Now, let’s turn to the architecture of the model. Below is a visual representation of the structure of the model used to re-ID the tigers.

Photo from Li et al 2019 https://arxiv.org/pdf/1906.05586.pdf under a CC BY-NC-SA 4.0 License

I won’t go into too much detail here, but the model is a ‘pose part based model’ (PPbM). This means that it integrates the result of pose key-point estimation into deep neural networks, where a tiger is represented with a 7-part star model where the parts include the trunk, front legs, hind thighs, and hind shanks.

Below are the two local head structures with the PPbM-a (top) and PPbM-b (bottom). PPbM-a uses a concatenating function to concatenate features from 7-parts together, while PPbM-b uses a “soft-attention” strategy to combine 7-parts.
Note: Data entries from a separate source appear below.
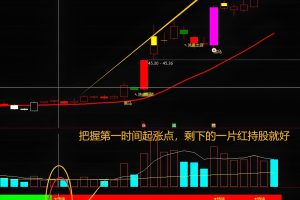 情绪资金 通达信指标 副图/选股公式 大道至简牛市已来 妖股不愁 捕捉起爆点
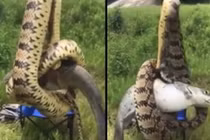 Tưởng câu được cá, hóa ra người đàn ông câu được thứ dị, "khủng" hơn...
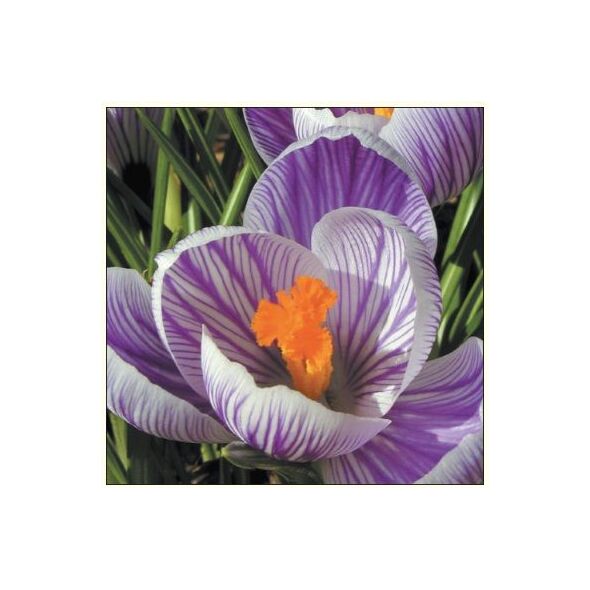 DA VINCI Karnet Kwiat Krokus DaVinci + koperta ( B2W 202 005)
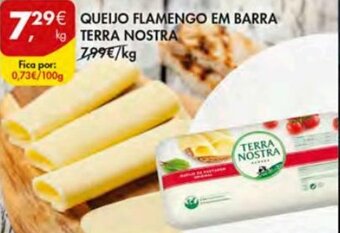 Pingo Doce Queijo Flamengo em Barra Terra Nostra promoção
For each part, the authors calculate the Axes Aligned Bounding Box (AABB) according to the pose skeleton. This can be seen below.

The red points define a part; the yellow box is the bounding box with annotated dimensions, height, and length; the blue box is AABB which contains the yellow box. Photo from Li et al 2019 https://arxiv.org/pdf/1906.05586.pdf under a CC BY-NC-SA 4.0 License

For each AABB area, the authors used the ResNet-50 backbone. They extract the local feature representation with regional average pooling on the res3d feature map, and they use an intermediate layer res3d instead of the final residual layer.

This model achieves high levels of accuracy, with competitive performance when compared to state-of-the-art models. What will be its impact?

Concluding Thoughts

The re-ID of endangered animals is a growing field of research in computer vision. The authors in the discussed paper present a new large-scale wildlife re-ID dataset which contains bounding box, pose key-point, and ID annotations of Amur tigers from multiple wild zoos.

As we have seen, large pose variations demand precise target modeling, which is less studied in current re-ID datasets and research. It, therefore, challenges existing algorithms and offers new avenues for future research with application in the domain of wildlife and ecology conservation.

Through systematic benchmarking, the authors show not only that state-of-the-art models are challenged by their large-scale dataset but also that a novel pose part-based model (PPbM) can re-ID the dataset with high levels of accuracy. This research is a valuable and exciting application of computer vision techniques which will, importantly, continue to develop and improve in the years to come.